» WHAT THE TASK ASKS
Your output should be exactly the lines from the one containing "structure design sense" through the final line of the following data, please, with no pictures.

Short web captions
+++++
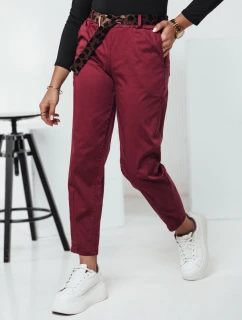 Dámske nohavice LEOCINCIN v jednej veľkosti s opaskom bordová FashionStreet UY2261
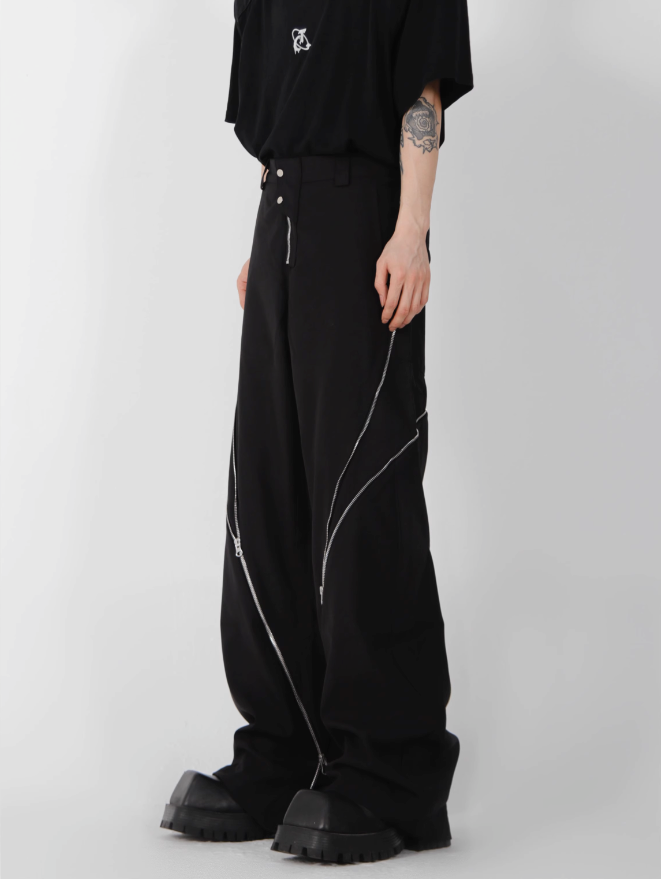 structure design sense zipper slit straight casual pants  US2024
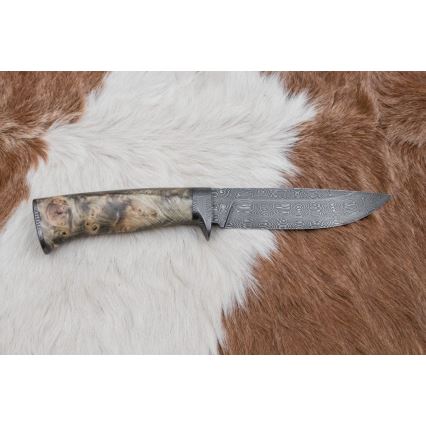 Couteau en acier de Damas unique 13 cm châtaignier
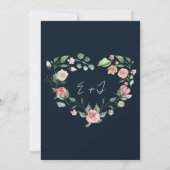 Blush Pink Navy Blue Waterverf Floral Wedding Kaart (Achterkant)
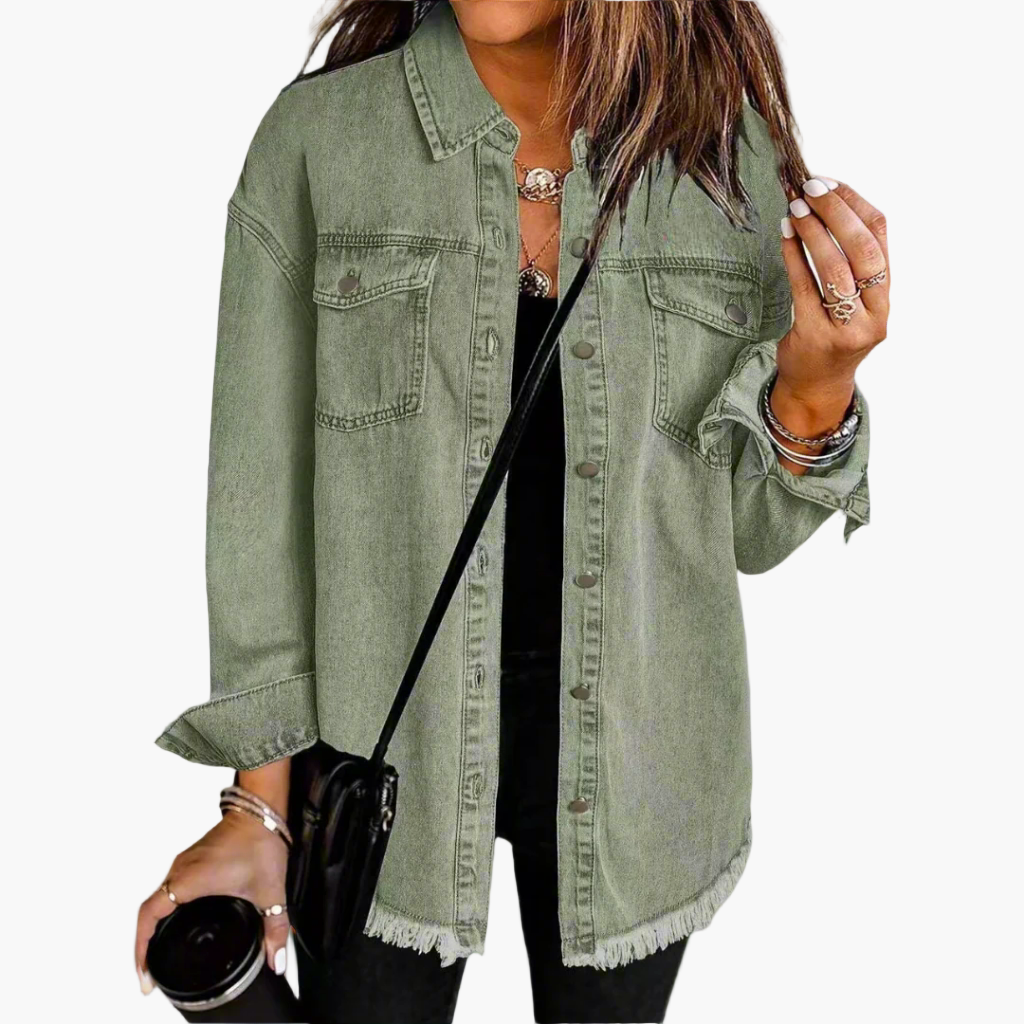 Damen Jeansjacke im lässigen Oversize-Stil – Vielseitige Übergangsjacke für Alltag und Freizeit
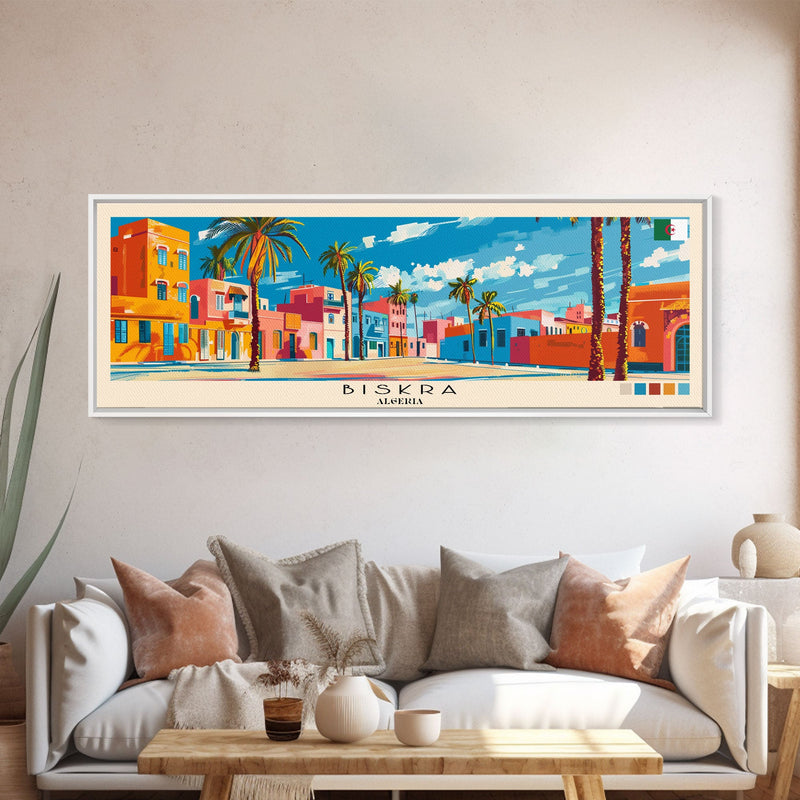 Biskra, Algeria Panoramic Canvas Print, Biskra, Algeria Painting, Algeria Art, Biskra Travel Poster, Travel Art, Living Room Painting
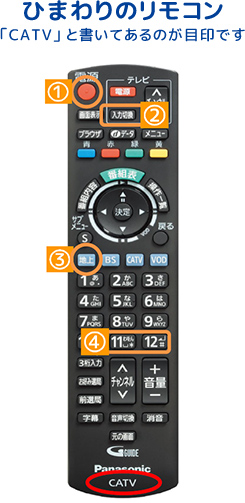 ひまわりのリモコン 「CATV」と書いてあるのが目印です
+++++
» SOLUTION FOR THIS PROBLEM
 structure design sense zipper slit straight casual pants  US2024
 Couteau en acier de Damas unique 13 cm châtaignier
 Blush Pink Navy Blue Waterverf Floral Wedding Kaart (Achterkant)
 Damen Jeansjacke im lässigen Oversize-Stil – Vielseitige Übergangsjacke für Alltag und Freizeit
 Biskra, Algeria Panoramic Canvas Print, Biskra, Algeria Painting, Algeria Art, Biskra Travel Poster, Travel Art, Living Room Painting
 ひまわりのリモコン 「CATV」と書いてあるのが目印です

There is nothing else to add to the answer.